Why isn't my TakeLimit honored by TableQuery?

2019-03-20 14:40发布

问题:

I'd like to fetch top n rows from my Azure Table with a simple TableQuery. But with the code below, all rows are fetched regardless of my limit with the Take.

What am I doing wrong?

int entryLimit = 5;

var table = GetFromHelperFunc();

TableQuery<MyEntity> query = new TableQuery<MyEntity>()
    .Where(TableQuery.GenerateFilterCondition("PartitionKey", QueryComparisons.Equal, "MyPK"))
    .Take(entryLimit);

List<FeedEntry> entryList = new List<FeedEntry>();
TableQuerySegment<FeedEntry> currentSegment = null;

while (currentSegment == null || currentSegment.ContinuationToken != null)
{
    currentSegment = table.ExecuteQuerySegmented(query, this.EntryResolver, currentSegment != null ? currentSegment.ContinuationToken : null);
    entryList.AddRange(currentSegment.Results);
}


Trace.WriteLine(entryList.Count) // <-- Why does this exceed my limit?

回答1:

The Take method on the storage SDK doesn't work like it would in LINQ. Imagine you do something like this:

TableQuery<TableEntity> query = new TableQuery<TableEntity>()
                .Where(TableQuery.GenerateFilterCondition("PartitionKey", QueryComparisons.Equal, "temp"))
                .Take(5);
var result = table.ExecuteQuery(query);

When you start iterating over result you'll initially get only 5 items. But underneath, if you keep iterating over the result, the SDK will keep querying the table (and proceed to the next 'page' of 5 items).
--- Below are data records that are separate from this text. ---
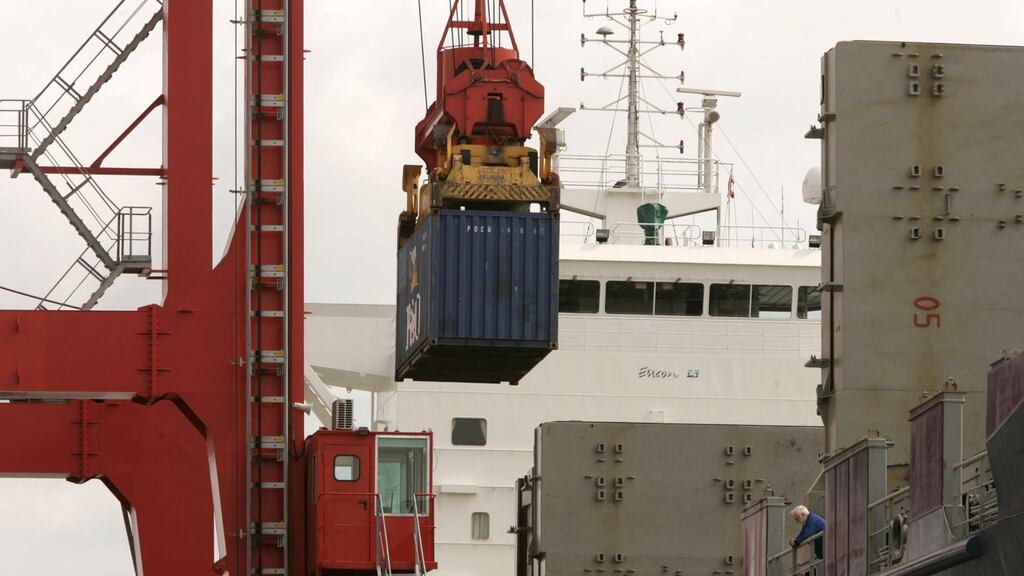 Net exports during the quarter rose by 11.2 per cent while business investment declined 16.1 per cent.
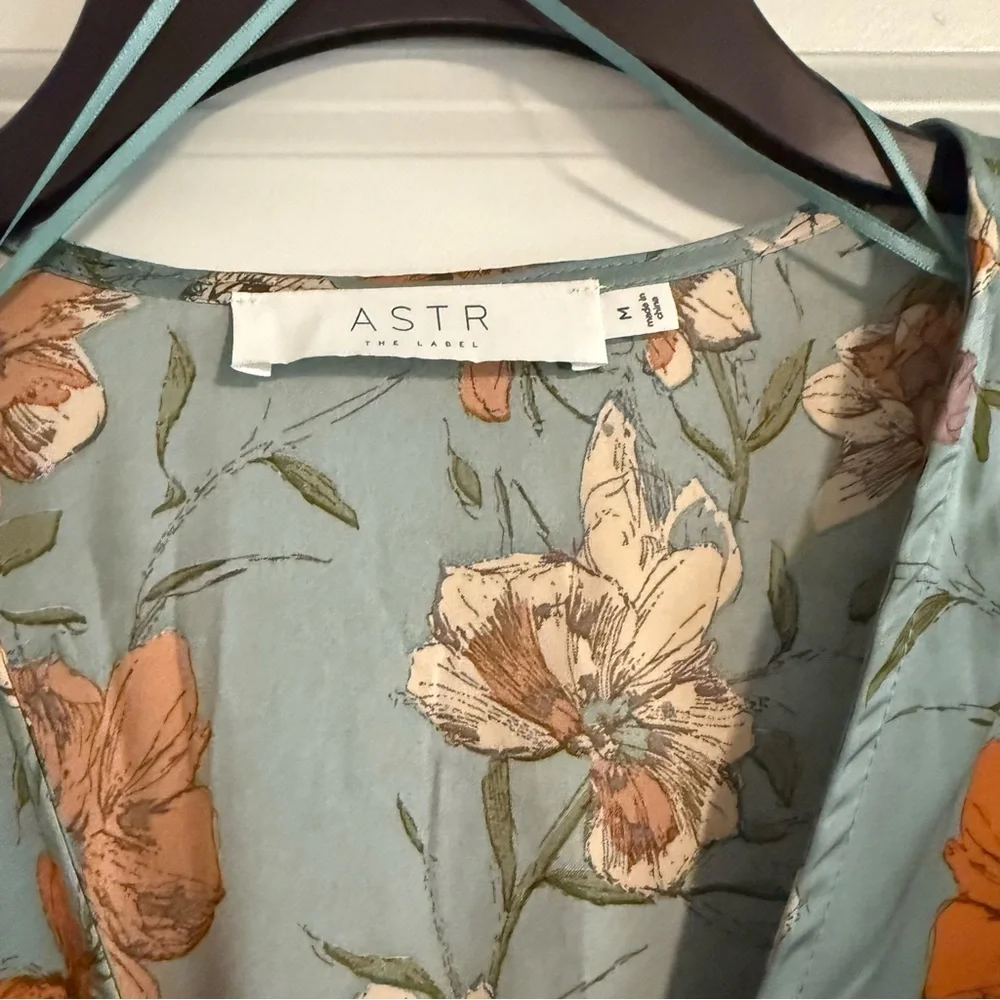 ASTR THE LABEL WRAP DRESS SIZE MEDIUM - Picture 3 of 3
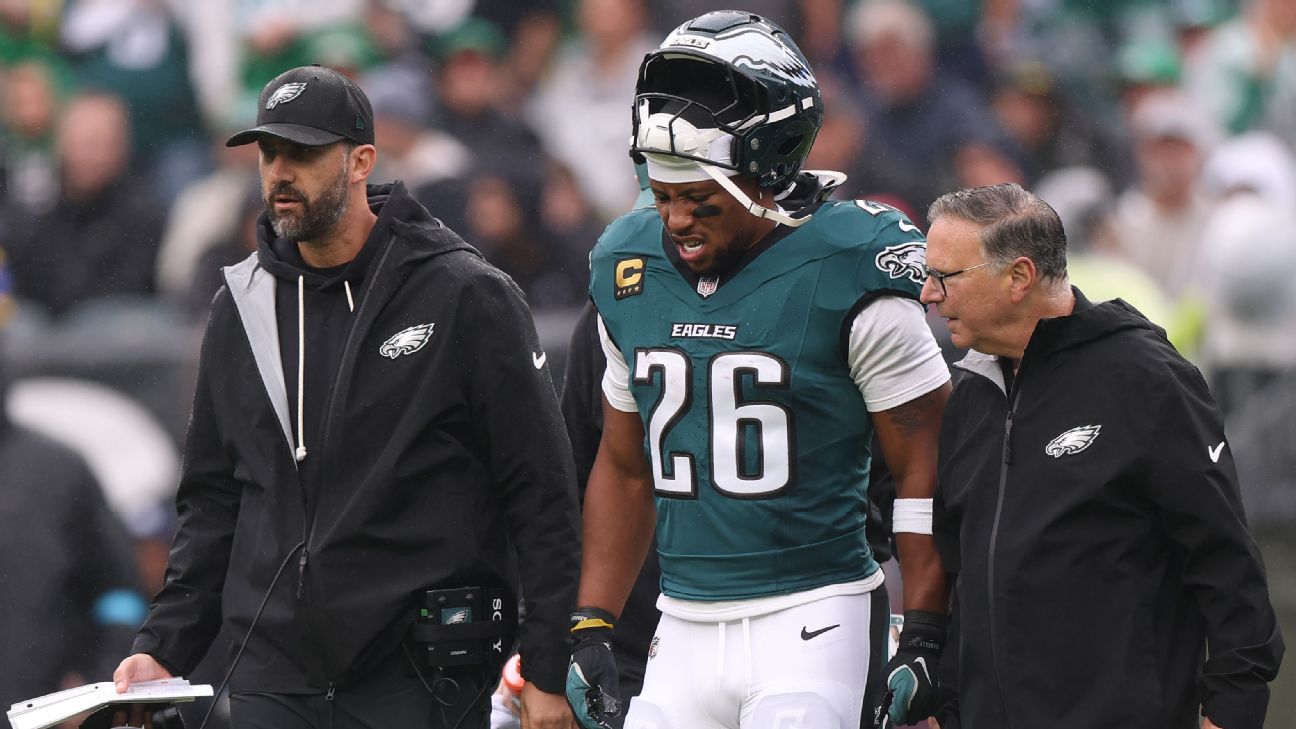 Eagles RB Saquon Barkley leaves loss with hamstring injury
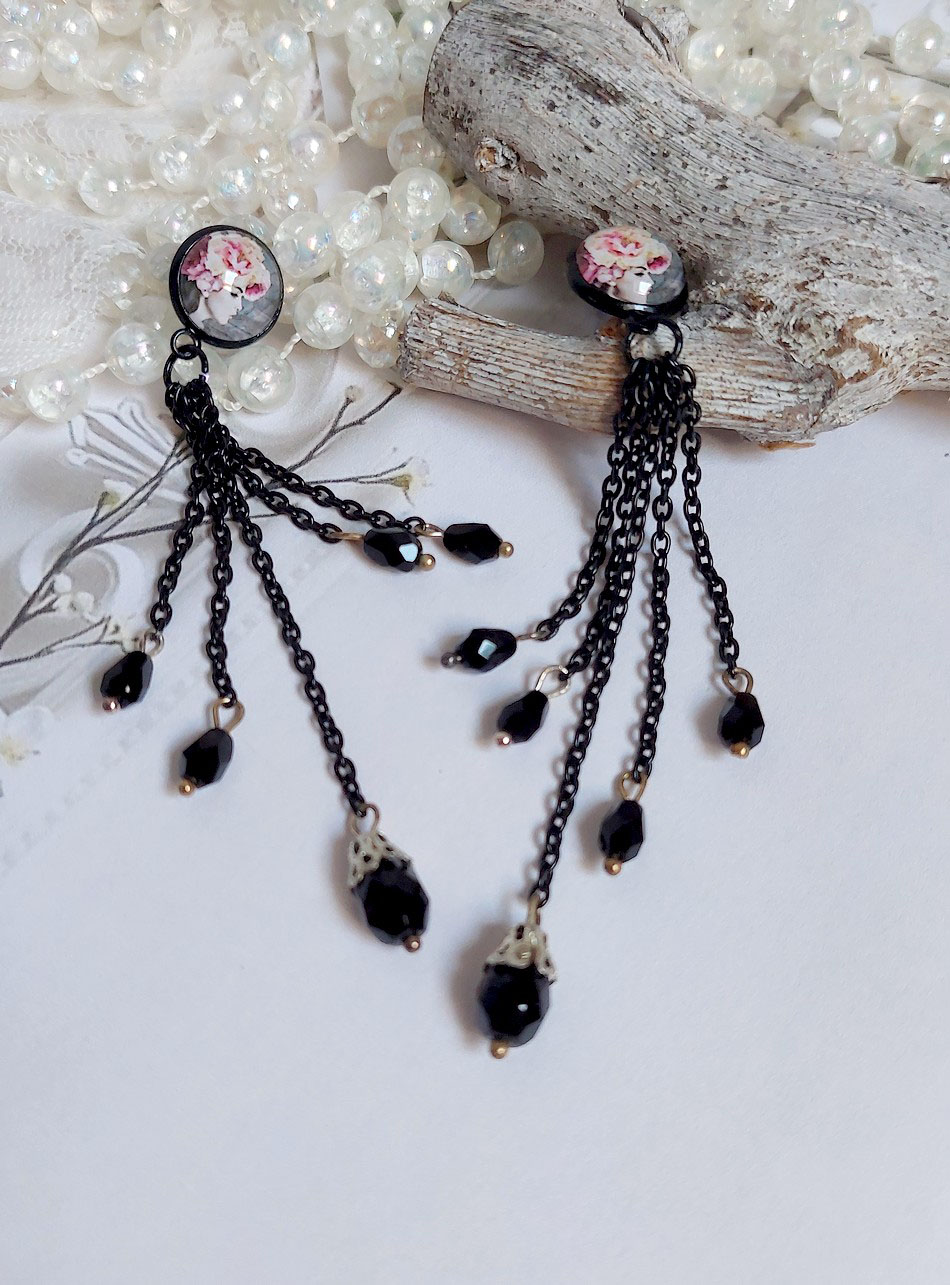 BO Ode Rose et Noire créées avec poires facettées, cabochons verres, puces et chaîne métal 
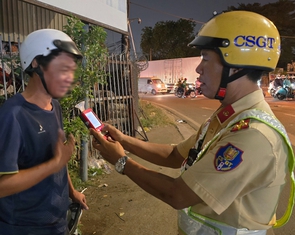 Chưa đầy một giờ, phạt 7 người lái xe máy vi phạm nồng độ cồn tại cửa ngõ TP.HCM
If I have 5000 items in my table, this code will output all 5000 items (and underneath the SDK will do 1000 requests and fetch 5 items per request):

TableQuery<TableEntity> query = new TableQuery<TableEntity>()
                .Where(TableQuery.GenerateFilterCondition("PartitionKey", QueryComparisons.Equal, "temp"))
                .Take(5);
var result = table.ExecuteQuery(query);
foreach (var item in result)
{
    Trace.WriteLine(item.RowKey);
}

The following code will fetch exactly 5 items in 1 request and stop there:

TableQuery<TableEntity> query = new TableQuery<TableEntity>()
                .Where(TableQuery.GenerateFilterCondition("PartitionKey", QueryComparisons.Equal, "temp"))
                .Take(5);
var result = table.ExecuteQuery(query);
int index = 0;
foreach (var item in result)
{
    Console.WriteLine(item.RowKey);
    index++;
    if (index == 5)
        break;
}

Actually, the Take() method sets the page size or the "take count" (TakeCount property on TableQuery). But it's still up to you to stop iterating on time if you only want 5 records.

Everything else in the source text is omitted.